Martin hat folgendes geschrieben:
Für den täglichen Gebrauch finde ich I7 absolut ungeeignet. Es ist sehr unstrukturiert und so unorthogonal. Was an einer Stelle geht, geht woanders wieder nicht, Tausende von Sonderregeln. Der ganze redundante Sums, der durch GerX dazukommt, macht es auch nicht leichter. (GerX kann allerdings nichts dafür.)

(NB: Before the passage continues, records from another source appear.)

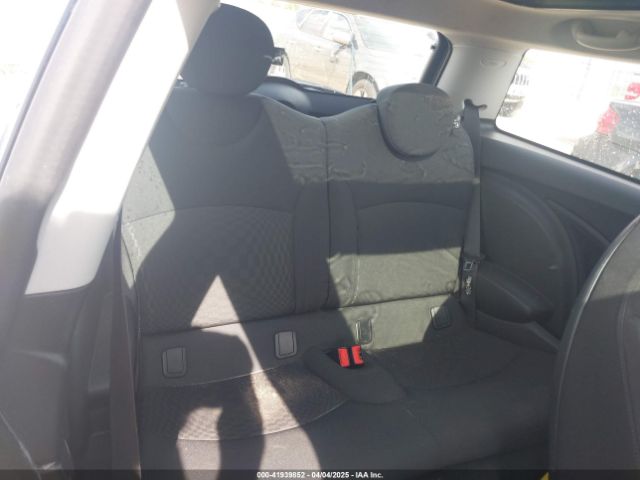 2008 MINI COOPER WMWMF33578TU68033 Photo 7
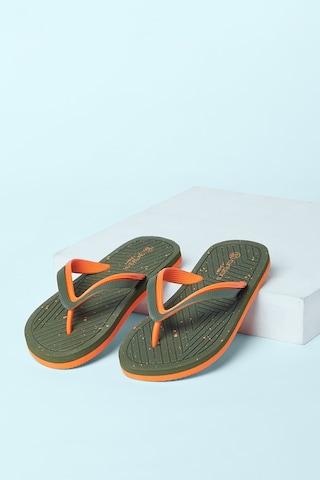 olive textured casual boys flip flops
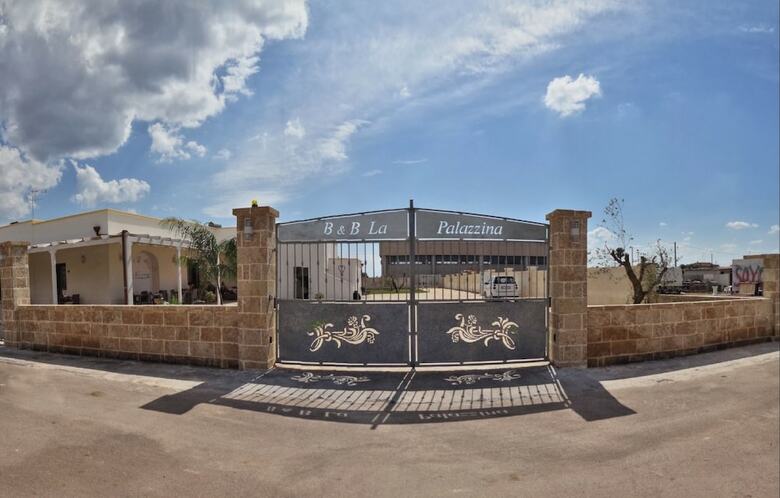 La Palazzina Bed & Breakfast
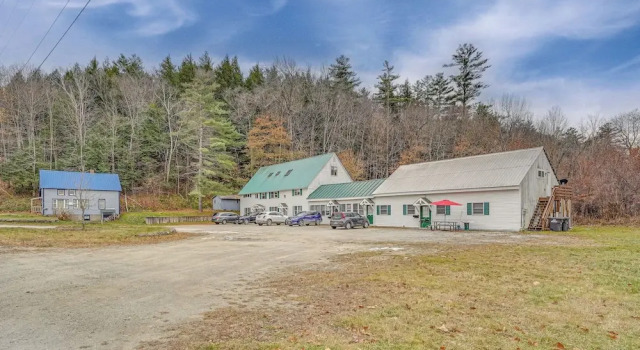 Коттедж с 5 комнатами с балконом Spacious Ludlow Hideaway < 1 Mi to Okemo Mountain!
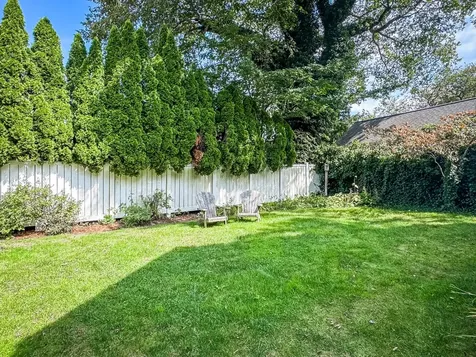 69 School Street Edgartown MA 02539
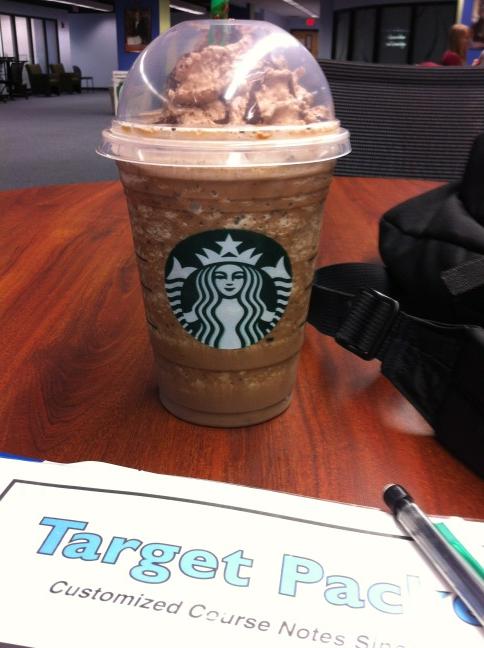 DeanList24's tweet image. Ohh yea it just got weird #2exams #nostressin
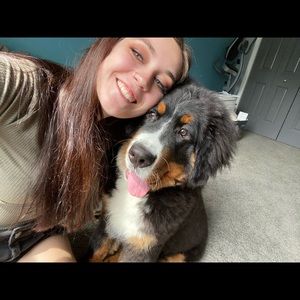 Meet your Posher, Hannah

Graham ist Mathematiker, entsprechend versucht I7 ein eher Cantorsches Denken einzuführen, das mit seinen Regeln, Relationen, Aktivitäten, wasauchimmer recht elegant wirkt, mein Hirn und dessen Windungen aber in keiner Weise widerspiegelt. Auch das hatte ich kürzlich, da war ich einfach gezwungen mit eigenen Rulebooks zu arbeiten, was jemanden mit Perl- oder C-Denken (ähm, und Fortran, sorry, ich liebe Stacks) erstmal anwidert. 98% der Problemlösung bestand in Manualgrubbing, Gedichtinterpretation der Fehlerausgaben und Dauerneukompilierung, 1,99% im Bier holen und nach vielen Nächten war das Problem dann äußerst elegant in 20 Zeilen erschlagen. Schön, das bringt's aber auch nicht wirklich. Das liegt aber in erster Linie an mir und meinem Hirn, denke ich, in zweiter am syntaktischen I7-Chaos und am Ende dann doch am Stimmzettel, welcher Denkweise ich das Kreuzchen verpasse. Es ist wie es bei der nächsten Bundestagswahl sein wird, 10E-3% Präferenz entscheiden. Fakt ist jedenfalls, dass hinten immer I6 rauskommt, jede einzelne Struktur über die I6-Templates aufgebläht ist bis zum geht nicht mehr und man nicht auf einem 386er aus den 90ern arbeiten sollte. Da sich I7 auch üppig mit I6 vollpfropfen lässt, why not. Mir gefällt's jedenfalls 10E-3% besser als ANSI-C.